Jalisco
Un día más de Giovanni…
A sus 15 años trabaja en un lujoso hotel de Vallarta, pero su salario apenas alcanza los mil 500 pesos quincenales. Entre carencias, sueña en convertirse en chef para salir de la pobreza
Bajo ese cargo, le da mantenimiento a la alberca, instalaciones eléctricas, tuberías de gas, saca la basura y barre. A pesar de que labora en uno de los hoteles más lujosos de Puerto Vallarta, su salario apenas acaricia los mil 500 pesos a la quincena.
Como el derecho de libre tránsito para los incautos sin dinero que quieren acceder a una playa del cotizado destino turístico, la Ley Federal del Trabajo, es violada. Giovanni ahora tiene 15 años, pero comenzó a trabajar cuando era un niño de tres, y desde entonces, carece de las prerrogativas constitucionales que le permitirían no extender su marcha laboral más de las ocho horas diarias.
En el hotel acude a la secundaria abierta, su sueño es ser chef, como su madre, quien consiguió el oficio para su hijo menor, y tuvo que criarlo sin la presencia ni el apoyo económico del padre. “A él no lo conocí (su padre), a mi mamá, pues ella trabaja aquí, es la cocinera desde que yo me acuerdo. No tenemos más sustento que el trabajo en el hotel”.
El hotel es su segundo hogar, de manera literal.

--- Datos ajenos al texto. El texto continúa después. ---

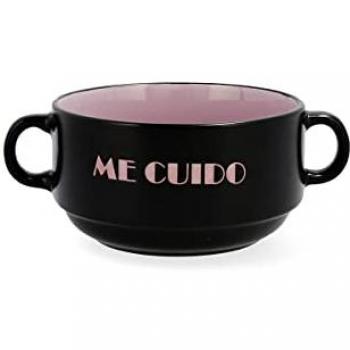Tazas para Consomé Quid Peoni Vita Bicolor 450 ml Pack 6x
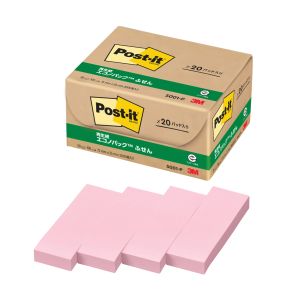 スリーエム 3M スリーエム 5001-P 再生紙エコノパック ピンク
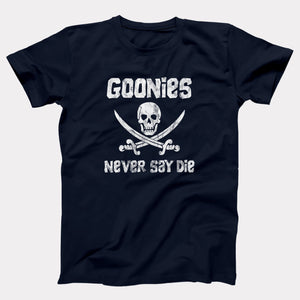 Goonies Never Say Die Adult Unisex T-Shirt Twisted Gorilla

Come y estudia ahí; se retira cuando el anochecer inyecta el océano y los cielos se vuelven densos, pesados por el sol anaranjado que cargan a toneladas que se desparrama por todo el horizonte, como si fuera ajeno al tiempo, al ritmo que convierte a Puerto Vallarta en una de las costas urbanizadas con más densidad poblacional, y también, como en el resto del país, con más contrastes económicos.
Historias repetidas
Como Giovanni Díaz Hernández y su madre, miles de vallartenses abandonan sus casas a las primeras horas del día. Se dedican a hacer el aseo y preparar la comida de los turistas; trabajan para que todo esté listo, “todo”, cuando éstos se despierten y comiencen con la dinámica de derrama económica de la que las administraciones contemporáneas se han vuelto tan agradecidamente dependientes. Esa dependencia, creadora de empleados mil usos, le ha costado mucho a su gente y su familia.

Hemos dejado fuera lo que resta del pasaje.